#### WORK ORDER
If an entry holds a picture, drop the picture and restate the rest word for word.

#### MATERIALS PROVIDED
+ + +
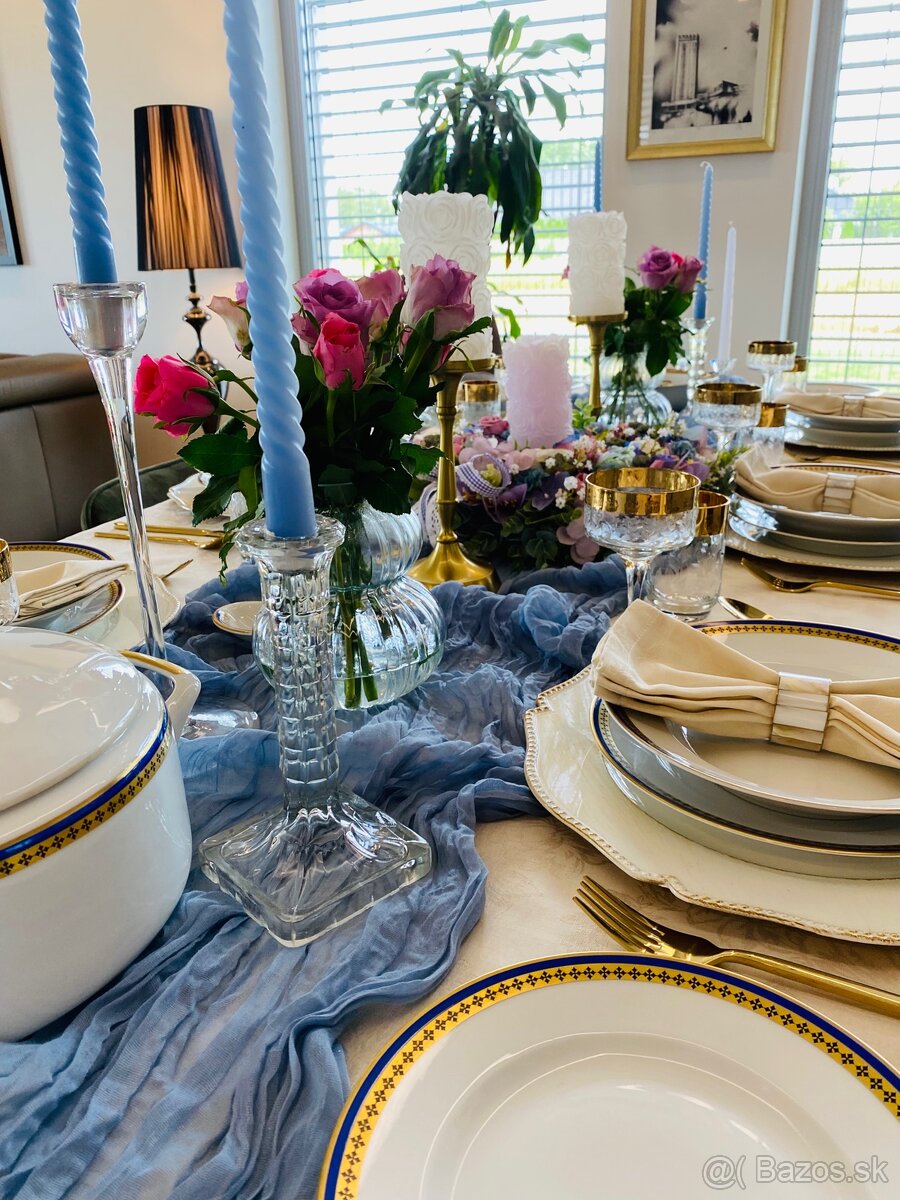 Veľká retro obedová súprava, posielam kuriérom - 18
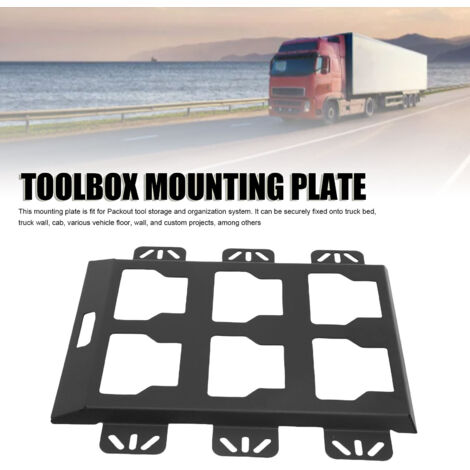 Montageplatte für das Packout-Werkzeugaufbewahrungssystem – Robuste Edelstahlbasis – Wandmontage bis 100 kg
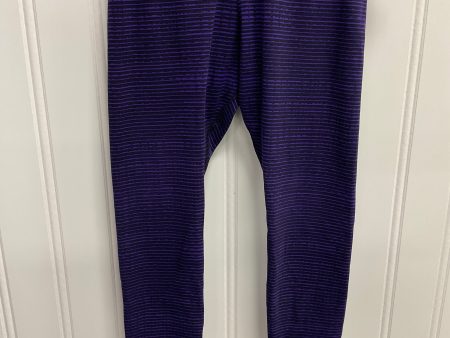 Athletic Leggings By Nike Apparel In Purple, Size: L Online Hot Sale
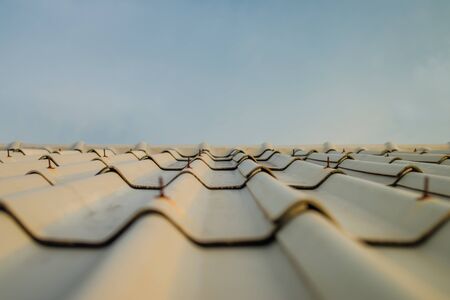 clouds in the blue skyの写真素材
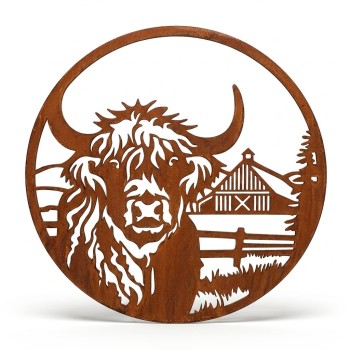Highland Cow Wall Art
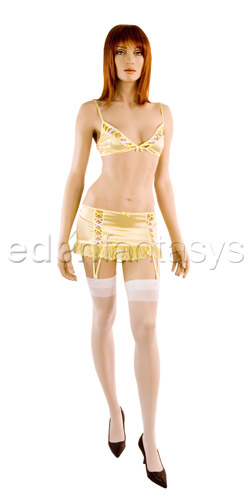 Satin bra and skirt set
+ + +
#### EXERCISE OUTPUT
 Veľká retro obedová súprava, posielam kuriérom - 18
 Montageplatte für das Packout-Werkzeugaufbewahrungssystem – Robuste Edelstahlbasis – Wandmontage bis 100 kg
 Athletic Leggings By Nike Apparel In Purple, Size: L Online Hot Sale
 clouds in the blue skyの写真素材
Highland Cow Wall Art
 Satin bra and skirt set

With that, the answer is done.